Updated

Two months ago, the choice guests to have on talk shows were glamorous, beautiful people like movie star Nicole Kidman, boy band 'N Sync and crossover superstar Jennifer Lopez.

Now, the airwaves are full of people with less interesting hair but more interesting things to say, like Defense Secretary Donald Rumsfeld, New York Times reporter and bioterror expert Judith Miller and former UN nuclear-weapons inspector Scott Ritter.

Meet the post-Sept. 11 celebrities: the politician and the pundit.

"This may turn out to be a new celebrity aristocracy," said Robert Thompson, pop culture professor at Syracuse University. "By the time we reach Christmas or summertime, there may be a whole new body of people who are common household names."

When the World Trade Center towers fell, so did much of the TV networks' entertainment programming, which suddenly seemed irrelevant. The public wanted hard news, and celebs were generally loath to try to earn publicity from the worst tragedy in American memory.

And as the war on terror continues, there's less concrete information available for the 24-hour media to talk about, which leaves the door open for talking heads of all sorts on TV.

"This is not a television war," Thompson said. "We're not getting a lot of images from the battlefield, there isn't much to show when it comes to anthrax, and press releases can only go on for so long."

The politicians and pundits have come to fill that void, a cast of characters who are ready to talk about the topic of the moment, whether it be cruise-missile strikes on Kandahar, Usama bin Laden's childhood or the possibility of smallpox in Seattle's drinking water.

"There's so much airtime to fill and there isn't enough hard information to fill it, so that's when the so-called experts take over," said Stephen Hess, a senior fellow in politics at the Brookings Institution in Washington, D.C.

Instead of chatting about Russell Crowe and Meg Ryan's fling by blow-dried heads like Mary Hart, America is tuning into heady discussions about the chemical makeup of anthrax and the financial structure of Al Qaeda by people whose love lives have never made the tabloids, like Secretary of State Colin Powell and former Labor Secretary Robert Reich.

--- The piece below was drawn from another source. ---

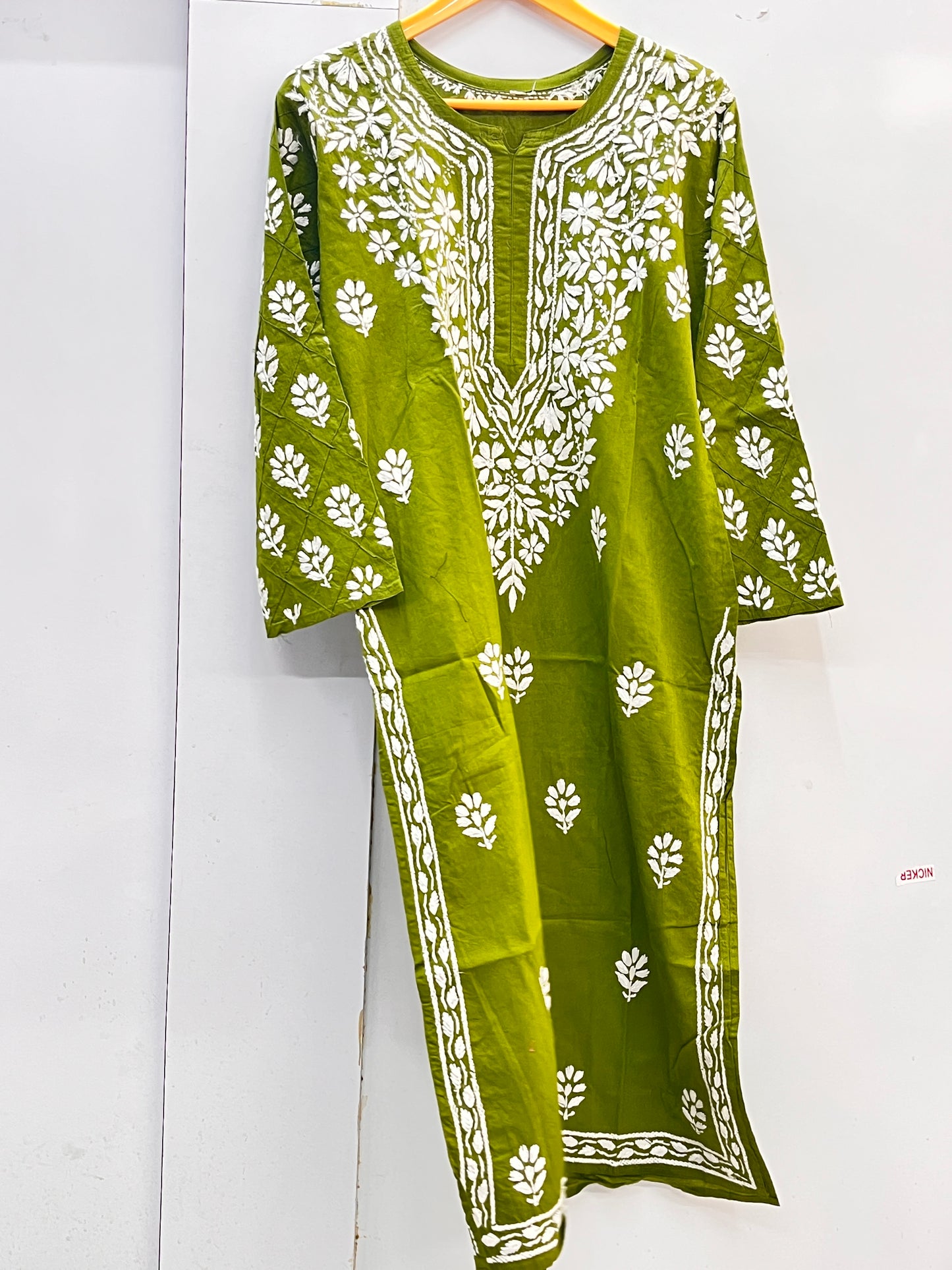 LAKHNAVI KURTI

But without a doubt, the king of the politician-turned-celebrity is New York Mayor Rudolph Giuliani, who became a worldwide hero in the days after the Sept. 11 attacks.

"When you said 'Rudy Giuliani' on Sept. 10, it meant a lot of things that were not necessarily good," Thompson said. "I think now, he's clearly going to go down in political history in a much more sacred position."

Giuliani's celebrity went hand-in-hand with his duties as mayor of a devastated city. He got more airtime than any Hollywood star, going from talk show to televised event to reassure the globe that the Big Apple was still up and running.

"We use celebrities to put a face to our psychic dreams and fantasies and needs," Thompson said. "[Giuliani] became the voice of an attacked city, and he did it with such energy and aplomb."

And the queen of the news celebs is Judith Miller, a New York Times reporter who co-wrote the best-selling, Germs: Biological Weapons and America's Secret War, and has now found herself in demand as the anthrax crisis spreads.

But though it might seem like the U.S. is entering a new age where brains are valued more than beauty, there's a downside to the News Age celebrity. When there are 24 hours of airtime to fill, some less qualified pundits end up on air.

"There's a danger of people dispensing a lot of misinformation, and it's worrisome," Hess, who himself has been doing guest spots on foreign news shows, said. "No one likes to say, 'I don't know.' Instead of saying, 'I can't tell you,' some say, 'Well, I think,' or they speculate."

And, he added, not all the pundits are motivated by a call to public service. "There are plenty of people who want to use the crises as a calling card for whatever they're selling."

But there is an end to how far the new politician-as-celeb will go. Thompson said he wouldn't count on a spin-off edition of Entertainment Weekly about the lifestyles of people like Vice President Dick Cheney or National Security Advisor Condoleezza Rice.

"The appetite and desire to see celebrities has been put on hold, but it's going to come back," he said.